Updated: Feb 20, 2019

The air was fresh and the sun just began to burn the morning dew from the top of my tent. I woke up slowly, naturally, as the temperatures started to rise. Fully rested, I took a deep breath; it was immediately obvious that the day was going to be beautiful. My destination was Bodie State Historical Park, once a booming city that dug a fortune of gold from its earth, today one of America’s best preserved ghost towns.

As we packed up camp, I bid my two cycling friends farewell and off I went. Bodie was another hour drive away but first I made a stop at the Mono City Park to fill my water bottles and prepare breakfast.
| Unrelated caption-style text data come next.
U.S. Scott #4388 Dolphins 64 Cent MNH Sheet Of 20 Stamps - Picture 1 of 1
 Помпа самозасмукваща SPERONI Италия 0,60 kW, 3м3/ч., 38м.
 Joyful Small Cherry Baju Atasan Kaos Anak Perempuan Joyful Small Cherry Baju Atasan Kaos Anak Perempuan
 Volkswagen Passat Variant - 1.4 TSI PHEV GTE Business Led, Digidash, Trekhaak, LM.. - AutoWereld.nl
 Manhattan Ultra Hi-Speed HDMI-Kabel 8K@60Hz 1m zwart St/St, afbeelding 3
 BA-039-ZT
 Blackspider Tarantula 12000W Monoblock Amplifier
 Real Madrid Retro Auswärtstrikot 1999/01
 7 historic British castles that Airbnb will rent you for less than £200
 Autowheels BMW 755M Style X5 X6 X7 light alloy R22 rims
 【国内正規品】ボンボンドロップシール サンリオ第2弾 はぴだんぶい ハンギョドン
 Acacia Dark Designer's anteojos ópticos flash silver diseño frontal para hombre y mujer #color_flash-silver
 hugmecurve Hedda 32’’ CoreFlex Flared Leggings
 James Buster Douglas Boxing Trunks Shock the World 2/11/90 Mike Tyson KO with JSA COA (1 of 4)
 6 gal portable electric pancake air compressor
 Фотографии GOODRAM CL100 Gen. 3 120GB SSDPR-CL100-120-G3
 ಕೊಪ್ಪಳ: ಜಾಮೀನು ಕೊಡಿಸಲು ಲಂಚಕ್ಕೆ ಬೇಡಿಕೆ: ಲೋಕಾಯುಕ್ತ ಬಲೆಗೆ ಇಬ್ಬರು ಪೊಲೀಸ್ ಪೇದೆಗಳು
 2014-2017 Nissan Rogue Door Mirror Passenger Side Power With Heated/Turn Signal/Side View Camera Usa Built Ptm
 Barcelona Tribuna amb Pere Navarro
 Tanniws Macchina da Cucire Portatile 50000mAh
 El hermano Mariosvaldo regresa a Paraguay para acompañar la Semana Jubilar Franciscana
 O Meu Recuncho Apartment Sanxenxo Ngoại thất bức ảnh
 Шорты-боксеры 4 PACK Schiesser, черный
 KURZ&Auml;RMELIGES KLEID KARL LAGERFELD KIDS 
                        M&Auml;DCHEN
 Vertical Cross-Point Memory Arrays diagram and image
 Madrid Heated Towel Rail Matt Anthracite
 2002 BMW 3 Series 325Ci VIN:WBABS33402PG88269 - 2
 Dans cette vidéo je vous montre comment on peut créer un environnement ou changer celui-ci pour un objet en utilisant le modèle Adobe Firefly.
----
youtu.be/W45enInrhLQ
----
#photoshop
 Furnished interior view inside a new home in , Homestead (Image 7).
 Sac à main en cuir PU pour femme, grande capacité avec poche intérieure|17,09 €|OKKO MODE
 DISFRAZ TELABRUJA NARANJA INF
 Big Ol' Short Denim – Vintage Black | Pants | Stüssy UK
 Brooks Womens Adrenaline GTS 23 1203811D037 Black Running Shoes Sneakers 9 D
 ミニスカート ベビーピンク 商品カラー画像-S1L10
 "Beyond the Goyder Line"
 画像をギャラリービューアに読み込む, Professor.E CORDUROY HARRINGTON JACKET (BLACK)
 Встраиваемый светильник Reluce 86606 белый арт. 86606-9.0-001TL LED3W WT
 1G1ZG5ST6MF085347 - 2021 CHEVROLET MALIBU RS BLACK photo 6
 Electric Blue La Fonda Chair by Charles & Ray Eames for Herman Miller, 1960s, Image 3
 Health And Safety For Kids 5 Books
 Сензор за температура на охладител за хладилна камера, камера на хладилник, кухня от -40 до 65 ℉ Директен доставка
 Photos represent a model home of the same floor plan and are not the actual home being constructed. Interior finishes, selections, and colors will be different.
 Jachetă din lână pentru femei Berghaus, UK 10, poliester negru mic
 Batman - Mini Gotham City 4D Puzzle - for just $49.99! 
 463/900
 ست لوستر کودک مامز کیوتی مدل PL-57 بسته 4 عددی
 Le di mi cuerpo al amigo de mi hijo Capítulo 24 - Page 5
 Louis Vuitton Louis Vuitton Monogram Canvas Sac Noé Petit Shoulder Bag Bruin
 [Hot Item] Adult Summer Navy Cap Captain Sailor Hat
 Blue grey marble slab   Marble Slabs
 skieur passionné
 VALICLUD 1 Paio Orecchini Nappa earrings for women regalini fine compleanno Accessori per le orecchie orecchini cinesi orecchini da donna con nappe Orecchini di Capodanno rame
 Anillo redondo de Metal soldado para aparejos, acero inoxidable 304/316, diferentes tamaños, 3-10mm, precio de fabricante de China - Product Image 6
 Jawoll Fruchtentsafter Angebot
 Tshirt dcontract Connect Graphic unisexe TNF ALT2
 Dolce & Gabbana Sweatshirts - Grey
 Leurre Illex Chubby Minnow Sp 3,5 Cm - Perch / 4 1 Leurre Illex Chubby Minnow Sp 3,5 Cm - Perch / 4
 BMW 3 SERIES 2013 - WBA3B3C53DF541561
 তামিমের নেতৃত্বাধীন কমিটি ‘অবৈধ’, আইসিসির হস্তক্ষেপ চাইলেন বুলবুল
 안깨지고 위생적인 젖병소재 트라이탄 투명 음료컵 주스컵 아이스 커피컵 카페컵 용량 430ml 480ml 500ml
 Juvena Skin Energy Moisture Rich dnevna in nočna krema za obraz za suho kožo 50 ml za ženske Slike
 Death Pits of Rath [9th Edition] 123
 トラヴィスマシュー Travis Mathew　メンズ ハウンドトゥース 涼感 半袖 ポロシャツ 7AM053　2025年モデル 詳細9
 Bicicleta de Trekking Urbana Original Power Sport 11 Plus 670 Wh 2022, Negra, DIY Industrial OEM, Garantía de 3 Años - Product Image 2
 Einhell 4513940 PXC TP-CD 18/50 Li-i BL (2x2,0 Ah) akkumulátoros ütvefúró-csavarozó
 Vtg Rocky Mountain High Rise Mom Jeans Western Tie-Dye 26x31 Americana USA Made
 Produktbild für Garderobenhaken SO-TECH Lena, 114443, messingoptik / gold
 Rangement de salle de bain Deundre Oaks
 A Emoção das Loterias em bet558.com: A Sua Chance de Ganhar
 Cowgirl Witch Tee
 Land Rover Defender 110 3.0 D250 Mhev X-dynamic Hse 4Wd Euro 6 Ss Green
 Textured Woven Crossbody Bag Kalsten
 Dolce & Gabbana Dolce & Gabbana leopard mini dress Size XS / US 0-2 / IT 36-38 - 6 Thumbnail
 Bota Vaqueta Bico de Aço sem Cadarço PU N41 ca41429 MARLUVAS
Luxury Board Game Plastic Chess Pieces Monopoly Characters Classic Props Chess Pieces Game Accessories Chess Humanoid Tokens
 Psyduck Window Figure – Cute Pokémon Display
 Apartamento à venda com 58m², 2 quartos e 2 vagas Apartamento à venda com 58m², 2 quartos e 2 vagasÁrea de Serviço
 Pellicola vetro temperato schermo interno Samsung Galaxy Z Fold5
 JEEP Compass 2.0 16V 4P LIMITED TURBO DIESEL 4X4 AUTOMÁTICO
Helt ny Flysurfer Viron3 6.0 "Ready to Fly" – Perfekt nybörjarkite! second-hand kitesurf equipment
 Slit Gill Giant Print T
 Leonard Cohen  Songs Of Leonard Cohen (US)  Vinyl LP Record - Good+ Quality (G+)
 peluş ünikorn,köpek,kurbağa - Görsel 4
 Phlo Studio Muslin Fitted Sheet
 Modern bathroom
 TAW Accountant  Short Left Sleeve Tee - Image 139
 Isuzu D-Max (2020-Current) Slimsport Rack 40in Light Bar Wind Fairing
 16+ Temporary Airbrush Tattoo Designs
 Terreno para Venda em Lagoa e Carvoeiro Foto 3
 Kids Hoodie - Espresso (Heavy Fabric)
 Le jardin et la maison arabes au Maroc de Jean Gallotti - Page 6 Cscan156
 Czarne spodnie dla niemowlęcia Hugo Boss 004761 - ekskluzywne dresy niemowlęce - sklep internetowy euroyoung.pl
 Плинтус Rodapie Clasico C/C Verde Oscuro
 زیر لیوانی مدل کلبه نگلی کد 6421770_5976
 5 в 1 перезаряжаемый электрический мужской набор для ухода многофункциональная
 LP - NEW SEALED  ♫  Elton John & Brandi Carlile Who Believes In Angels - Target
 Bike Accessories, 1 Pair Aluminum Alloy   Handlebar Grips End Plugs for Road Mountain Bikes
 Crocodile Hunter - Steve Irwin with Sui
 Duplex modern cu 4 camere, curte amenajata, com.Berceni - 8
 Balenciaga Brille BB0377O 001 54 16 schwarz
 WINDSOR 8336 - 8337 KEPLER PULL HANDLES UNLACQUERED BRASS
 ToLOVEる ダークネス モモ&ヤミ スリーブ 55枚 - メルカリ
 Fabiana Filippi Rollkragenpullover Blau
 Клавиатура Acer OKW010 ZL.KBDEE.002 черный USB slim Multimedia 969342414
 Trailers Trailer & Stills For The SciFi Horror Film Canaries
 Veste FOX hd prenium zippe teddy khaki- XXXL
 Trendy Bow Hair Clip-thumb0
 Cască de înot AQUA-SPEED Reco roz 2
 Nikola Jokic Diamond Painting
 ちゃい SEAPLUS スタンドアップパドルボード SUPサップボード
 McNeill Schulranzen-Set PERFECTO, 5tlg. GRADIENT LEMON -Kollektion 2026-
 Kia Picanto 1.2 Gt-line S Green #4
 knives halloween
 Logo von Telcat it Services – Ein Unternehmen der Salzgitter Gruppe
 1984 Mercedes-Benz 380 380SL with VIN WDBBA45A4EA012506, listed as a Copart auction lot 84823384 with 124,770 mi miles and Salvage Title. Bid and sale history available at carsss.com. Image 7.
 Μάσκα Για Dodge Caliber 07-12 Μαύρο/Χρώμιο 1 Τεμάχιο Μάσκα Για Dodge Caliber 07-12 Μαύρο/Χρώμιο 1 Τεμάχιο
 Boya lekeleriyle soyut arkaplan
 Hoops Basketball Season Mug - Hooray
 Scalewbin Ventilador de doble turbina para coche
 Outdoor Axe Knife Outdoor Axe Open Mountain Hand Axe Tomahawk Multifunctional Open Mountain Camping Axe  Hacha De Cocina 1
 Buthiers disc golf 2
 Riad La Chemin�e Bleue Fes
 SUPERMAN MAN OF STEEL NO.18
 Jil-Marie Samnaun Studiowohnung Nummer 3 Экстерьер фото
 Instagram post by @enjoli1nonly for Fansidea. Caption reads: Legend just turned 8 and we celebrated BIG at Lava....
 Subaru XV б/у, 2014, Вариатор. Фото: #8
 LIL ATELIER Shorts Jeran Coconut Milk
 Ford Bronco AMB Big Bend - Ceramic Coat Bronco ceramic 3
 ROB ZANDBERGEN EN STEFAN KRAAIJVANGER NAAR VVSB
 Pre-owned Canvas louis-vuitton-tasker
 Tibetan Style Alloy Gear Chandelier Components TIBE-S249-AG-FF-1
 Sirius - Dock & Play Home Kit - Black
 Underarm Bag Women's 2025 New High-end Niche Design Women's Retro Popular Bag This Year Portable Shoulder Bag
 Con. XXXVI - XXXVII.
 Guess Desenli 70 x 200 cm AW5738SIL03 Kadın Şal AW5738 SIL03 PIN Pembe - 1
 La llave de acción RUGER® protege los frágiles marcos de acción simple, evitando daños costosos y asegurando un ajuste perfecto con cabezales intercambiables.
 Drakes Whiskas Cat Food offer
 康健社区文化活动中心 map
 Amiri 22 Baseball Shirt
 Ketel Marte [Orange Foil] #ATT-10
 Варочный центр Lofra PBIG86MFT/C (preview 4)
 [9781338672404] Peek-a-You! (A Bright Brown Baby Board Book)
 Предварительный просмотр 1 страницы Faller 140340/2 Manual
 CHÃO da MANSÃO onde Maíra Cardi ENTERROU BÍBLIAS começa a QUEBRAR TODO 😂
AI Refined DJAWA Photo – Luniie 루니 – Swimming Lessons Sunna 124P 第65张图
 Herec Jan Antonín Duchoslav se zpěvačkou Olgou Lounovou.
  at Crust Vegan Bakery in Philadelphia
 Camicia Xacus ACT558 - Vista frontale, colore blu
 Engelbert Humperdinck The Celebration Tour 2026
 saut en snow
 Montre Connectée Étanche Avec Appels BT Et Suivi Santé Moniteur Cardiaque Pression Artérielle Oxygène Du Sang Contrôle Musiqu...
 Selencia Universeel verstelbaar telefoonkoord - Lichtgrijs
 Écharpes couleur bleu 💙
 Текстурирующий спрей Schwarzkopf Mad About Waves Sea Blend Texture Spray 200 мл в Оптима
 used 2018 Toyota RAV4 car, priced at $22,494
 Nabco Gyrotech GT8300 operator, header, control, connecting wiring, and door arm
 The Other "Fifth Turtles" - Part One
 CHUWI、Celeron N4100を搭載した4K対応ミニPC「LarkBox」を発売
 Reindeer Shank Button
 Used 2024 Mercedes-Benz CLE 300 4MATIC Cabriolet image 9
There are a few ways to get to Bodie which is located north of Mono lake and just west of the Nevada boarder. I took the 167 to Cottonwood Canyon Road which turns into a windy but manageable dirt road. About 30 lonely minutes later I arrived at the gates of the state park where a ranger took seven of my hard earned dollars. The town is nestled in a valley among rolling hills that showed obvious signs of mining activity. Dark brown buildings barely standing on their rotting, wooden skeletons littered the barren valley, an eerie reminder of a once booming settlement. The main street had the tallest buildings, the hotel and the recreation building, the restaurant and a few stores as well as the morgue and the fire house. Behind and to the side were the homes of the miners and their families.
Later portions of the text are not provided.